WORK ITEM →
Using the entries below, copy exactly each line from the line with "Geoscience - Earth Echoes" up to and including the line with "النفط والتوترات الجيوسياسية..", with every picture left out.

SOURCE RECORDS →
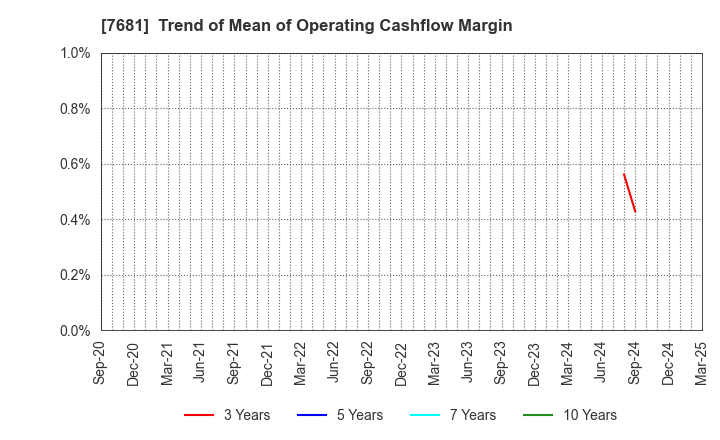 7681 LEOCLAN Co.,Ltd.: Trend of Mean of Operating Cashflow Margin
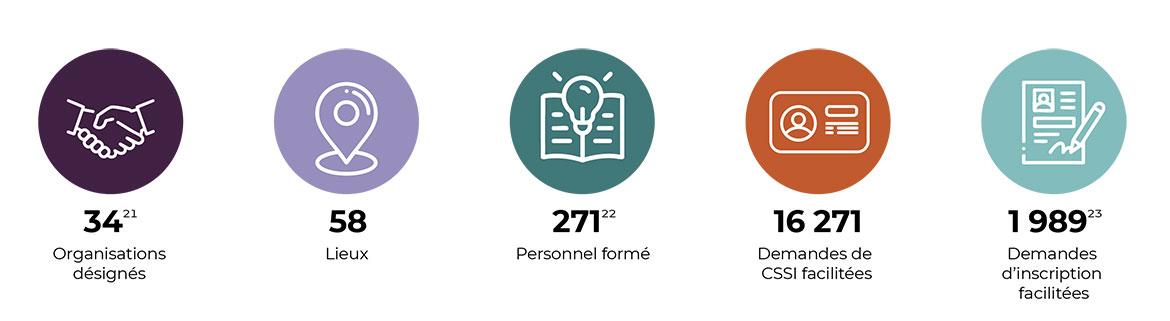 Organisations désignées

--

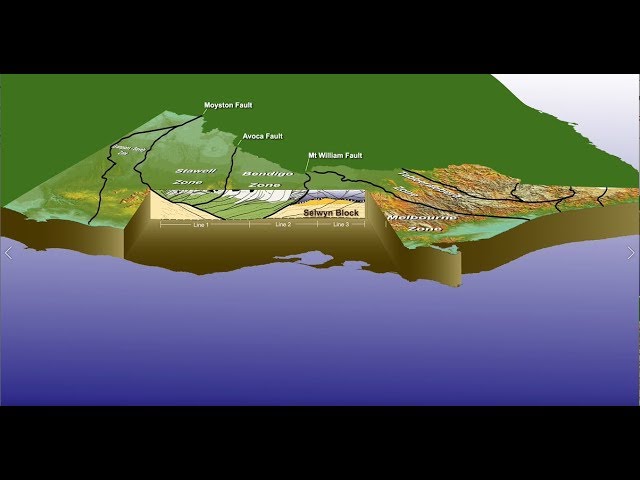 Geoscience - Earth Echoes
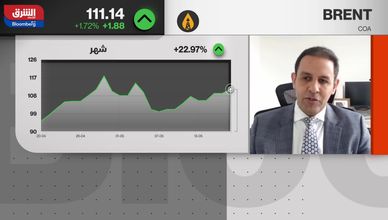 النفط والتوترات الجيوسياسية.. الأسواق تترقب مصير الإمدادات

SOLUTION FOR THIS TASK →
 Geoscience - Earth Echoes
 النفط والتوترات الجيوسياسية.. الأسواق تترقب مصير الإمدادات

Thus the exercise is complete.